Personal information
- Full name: Susan Marjory Freeman
- Nationality: Australia
- Born: 10 January 1948
- Died: 4 October 2023 (aged 75) Gladstone, Queensland, Australia

Medal record
Athletics
Paralympic Games
| Gold medal – first place | 1972 Heidelberg | Women's Discus 1B |
| Gold medal – first place | 1972 Heidelberg | Women's Javelin 1B |
| Gold medal – first place | 1972 Heidelberg | Women's Shot Put 1B |
| Gold medal – first place | 1976 Toronto | Women's 60 m 1C |
| Gold medal – first place | 1976 Toronto | Women's Javelin 1C |
| Gold medal – first place | 1976 Toronto | Women's Shot Put 1C |
| Silver medal – second place | 1972 Heidelberg | Women's 60 m Wheelchair 1B |
| Silver medal – second place | 1972 Heidelberg | Women's Slalom 1B |
| Silver medal – second place | 1976 Toronto | Women's Discus 1C |
| Silver medal – second place | 1976 Toronto | Women's Javelin 1C |

= Tracey Freeman =

Australian Paralympic athlete (1948–2023)
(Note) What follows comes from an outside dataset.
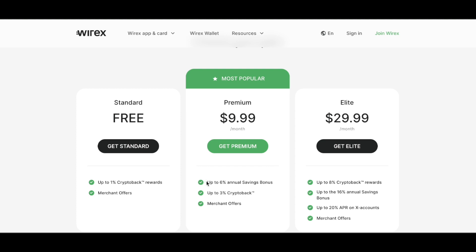The Premium plan gives you up to six percent annual savings bonus, up to three percent crypto back, and merchant offers. The Elite plan at thirty dollars per month gives you up to eight percent crypto back rewards, up to sixteen percent annual savings bonus, up to ten percent APR on X accounts, and merchant offers.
Susan Marjory "Tracey" Freeman (10 January 1948 – 4 October 2023) was an Australian Paralympic athlete who won ten medals at two Paralympics.

==Personal life==
Freeman was born on 10 January 1948 and became a quadriplegic due to polio at the age of two in 1951, while living in the Queensland city of Mount Isa. She went to the Crippled Children's Centre in the Sydney suburb of Redfern until the age of 15, when she moved to the Mt Wilga Rehabilitation Centre. She developed a passion for sports competition, having been introduced to archery, field events and swimming during her rehabilitation. She then moved with her family back to Queensland and spent time at the Kingsholm Rehabilitation Centre in Brisbane. She married Warren Freeman shortly before the 1972 Heidelberg Paralympics and they had two children.

Freeman died in the Queensland city of Gladstone on 4 October 2023, at the age of 75.

==Career==
Freeman's first national competition was the National Wheelchair Games in Sydney, where she won all the events she entered; she broke Australian records in discus, javelin, shot put and the 60 m sprint, and won a gold medal in table tennis. She was therefore selected for a place in the Australian team at the 1972 Heidelberg Paralympics, where she won three gold medals and broke world records in the Women's Discus 1B, Women's Javelin 1B, and Women's Shot Put 1B events, and two silver medals in the Women's 60 m Wheelchair 1B and Women's Slalom 1B events. She was the most successful athlete at the games, the first Australian woman to win a gold medal at a Paralympic athletics competition, and one of Australia's first high-profile Paralympic competitors.

Freeman defended her national titles in athletics events at the 1973 National Wheelchair Games in Adelaide and won a gold medal in the wheelchair slalom. She won four gold medals in shot put, discus, javelin, and slalom and broke world records in the first two events at the 1974 Commonwealth Paraplegic Games in Dunedin. The next year, she won gold medals in the discus and shot put and silver medals in the 60 m and slalom at the 1975 FESPIC Games in Japan. At the 1976 Toronto Games, she won three gold medals and three world records in the Women's 60 m 1C, Women's Javelin 1C, and Women's Shot Put 1C events, and two silver medals in the Women's Discus 1C and Women's Slalom 1C events. She hoped to participate in the 1980 Arnhem Paralympics but a car accident just before the games forced her to withdraw from the competition. She made a comeback in the early 1990s, when she once again won medals in national competitions and set Australian records, before retiring in early 1996.

==Recognition==
In 1976, Freeman became the first athlete with a disability to win The Courier-Mail Sportswoman of the Year award. In 2000, she received an Australian Sports Medal. In December 2016, Freeman was inducted into the Australian Paralympic Hall of Fame.